▸ What you are asked to do
Your response should consist of the entries below, written out exactly.

<<<<

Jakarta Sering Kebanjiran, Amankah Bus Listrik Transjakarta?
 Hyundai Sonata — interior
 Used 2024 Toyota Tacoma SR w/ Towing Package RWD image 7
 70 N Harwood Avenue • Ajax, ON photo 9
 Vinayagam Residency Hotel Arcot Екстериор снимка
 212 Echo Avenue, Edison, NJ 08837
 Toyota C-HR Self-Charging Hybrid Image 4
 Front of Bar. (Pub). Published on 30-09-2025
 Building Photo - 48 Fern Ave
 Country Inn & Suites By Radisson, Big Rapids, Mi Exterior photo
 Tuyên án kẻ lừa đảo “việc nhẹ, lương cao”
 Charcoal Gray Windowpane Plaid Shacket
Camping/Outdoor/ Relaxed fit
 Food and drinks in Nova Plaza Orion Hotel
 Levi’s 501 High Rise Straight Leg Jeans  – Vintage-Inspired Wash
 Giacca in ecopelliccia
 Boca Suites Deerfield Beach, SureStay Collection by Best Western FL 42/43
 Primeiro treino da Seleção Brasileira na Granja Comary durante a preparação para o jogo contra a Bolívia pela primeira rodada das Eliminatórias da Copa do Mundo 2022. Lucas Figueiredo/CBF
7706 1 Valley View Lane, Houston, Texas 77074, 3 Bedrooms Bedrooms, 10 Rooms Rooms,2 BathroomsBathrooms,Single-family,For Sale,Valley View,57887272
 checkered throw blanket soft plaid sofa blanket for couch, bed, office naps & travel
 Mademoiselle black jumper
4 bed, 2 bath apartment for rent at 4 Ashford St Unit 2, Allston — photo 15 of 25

>>>>

▸ Result of this task
Jakarta Sering Kebanjiran, Amankah Bus Listrik Transjakarta?
 Hyundai Sonata — interior
 Used 2024 Toyota Tacoma SR w/ Towing Package RWD image 7
 70 N Harwood Avenue • Ajax, ON photo 9
 Vinayagam Residency Hotel Arcot Екстериор снимка
 212 Echo Avenue, Edison, NJ 08837
 Toyota C-HR Self-Charging Hybrid Image 4
 Front of Bar. (Pub). Published on 30-09-2025
 Building Photo - 48 Fern Ave
 Country Inn & Suites By Radisson, Big Rapids, Mi Exterior photo
 Tuyên án kẻ lừa đảo “việc nhẹ, lương cao”
 Charcoal Gray Windowpane Plaid Shacket
Camping/Outdoor/ Relaxed fit
 Food and drinks in Nova Plaza Orion Hotel
 Levi’s 501 High Rise Straight Leg Jeans  – Vintage-Inspired Wash
 Giacca in ecopelliccia
 Boca Suites Deerfield Beach, SureStay Collection by Best Western FL 42/43
 Primeiro treino da Seleção Brasileira na Granja Comary durante a preparação para o jogo contra a Bolívia pela primeira rodada das Eliminatórias da Copa do Mundo 2022. Lucas Figueiredo/CBF
7706 1 Valley View Lane, Houston, Texas 77074, 3 Bedrooms Bedrooms, 10 Rooms Rooms,2 BathroomsBathrooms,Single-family,For Sale,Valley View,57887272
 checkered throw blanket soft plaid sofa blanket for couch, bed, office naps & travel
 Mademoiselle black jumper
4 bed, 2 bath apartment for rent at 4 Ashford St Unit 2, Allston — photo 15 of 25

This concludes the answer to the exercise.